The death toll in an explosion targeting Tunisia’s presidential guard has risen to 13 and the perpetrators remain unidentified, the interior ministry said.
Another body was discovered in the charred remains of a bus carrying presidential guards that exploded in central Tunis, spokesman Walid Louguini said.
Mr Louguini could not confirm or deny Tunisian reports that the body could be that of a suicide bomber who jumped on to the bus just before the bomb exploded.
Troops fanned out around the capital and President Beji Caid Essebsi declared a month-long state of emergency after Tuesday’s attack.
The blast rattled the North African country after two major attacks by Islamic extremists that targeted tourist sites earlier this year.
Radical gunmen staged two attacks in the country earlier this year that killed 60 people, devastated the tourism industry and rattled this young democracy.
No-one immediately claimed responsibility for the attack against the presidential guard, an elite security force that protects only the president.
Mr Essebsi, who was not on the bus at the time, convened an emergency meeting of his security council. Speaking on national television, he said Tunisia is at “war against terrorism”.

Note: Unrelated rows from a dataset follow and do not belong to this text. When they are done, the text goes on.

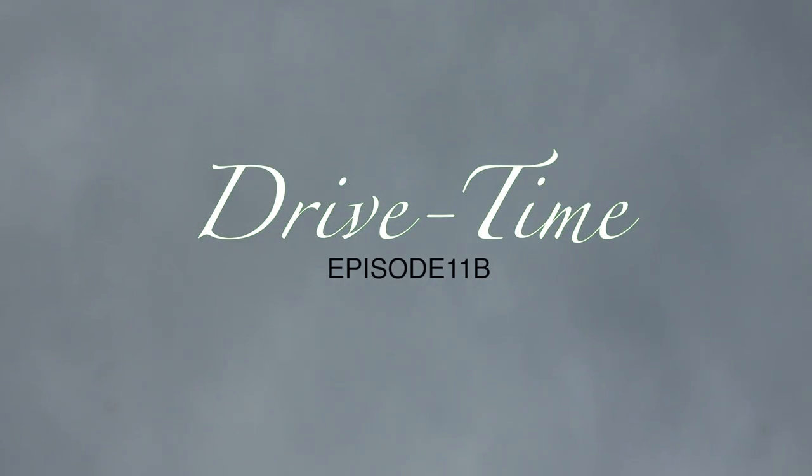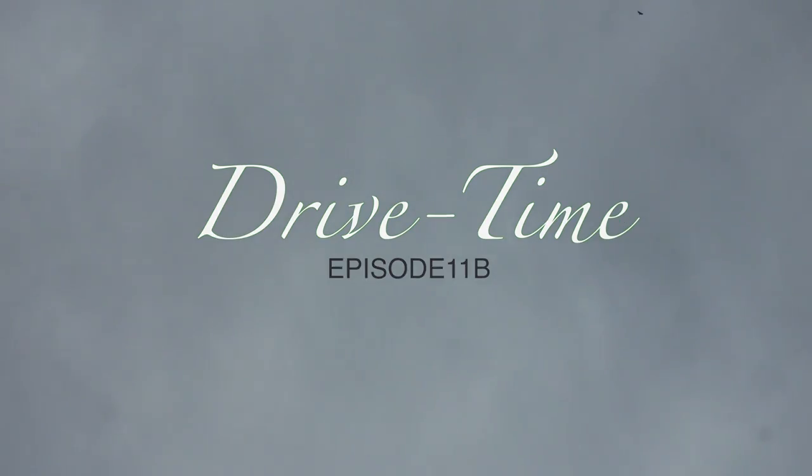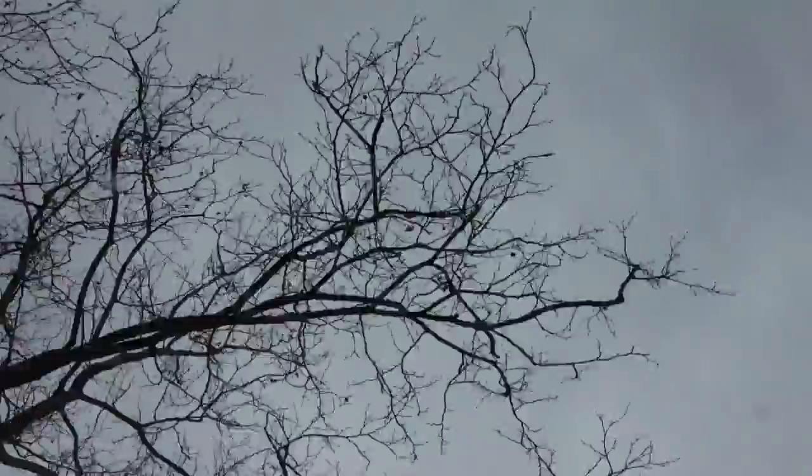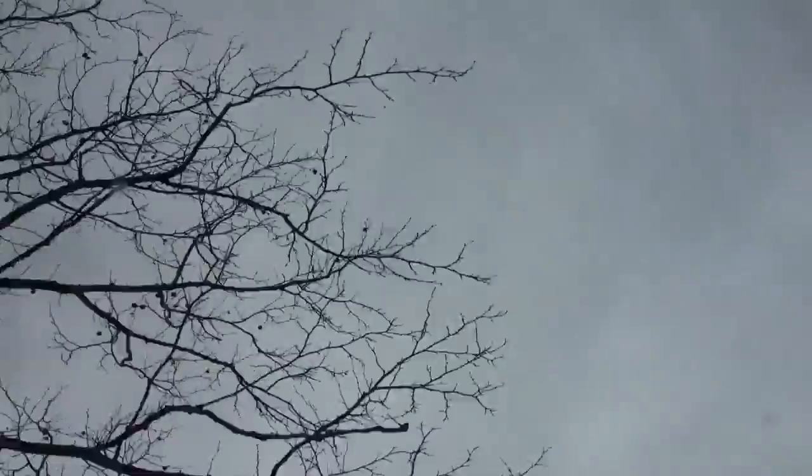It's 1:57 Eastern Standard PM. This is episode, I believe, 11B of Drive Time, the talk show program. It's 1:57 PM Eastern Standard again on a Friday, March 15th, 2013. I'm your host, Vernon Howell, but I did something bad just now, walking my dog.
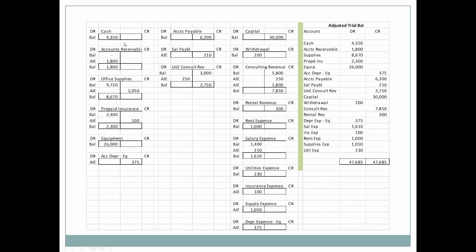Now let's look at the ending adjusted balance for each one of these accounts in abbreviated form, and we'll see how it integrates with our adjusted trial balance. We can see that each one of these accounts has now been updated based upon our adjusting journal entries, determining what exactly we have by way of an adjusted trial balance.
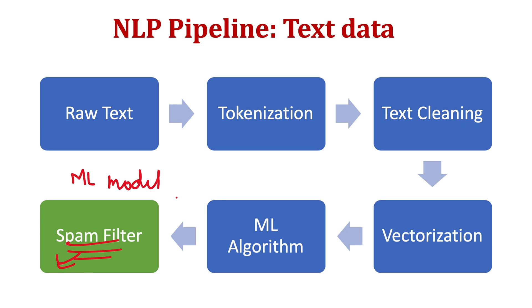So this was the entire pipeline for working with text data. For other types of data, it may vary slightly but the concept will remain the same. So I hope you enjoyed the lesson. See you in the next lesson. Thank you.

He urged international co-operation against extremists who have killed hundreds around Europe and the Middle East in recent weeks, from Paris to Beirut to a Russian plane shot down over Egypt.
“I want to reassure the Tunisian people that we will vanquish terrorism,” he said.
Witness Bassem Trifi, a human rights lawyer, said the explosion hit the driver’s side of the bus, describing a “catastrophic” scene.
“I saw at least five corpses on the ground,” he said. “This was not an ordinary explosion.”
The attack came days after authorities visibly increased the security level in the capital and deployed security forces in unusually high numbers.
US Secretary of State John Kerry, visiting Tunis earlier this month, pledged expanded economic and security support for Tunisia, whose popular uprising unleashed the democracy movements across the region in 2011 that became known as the Arab Spring.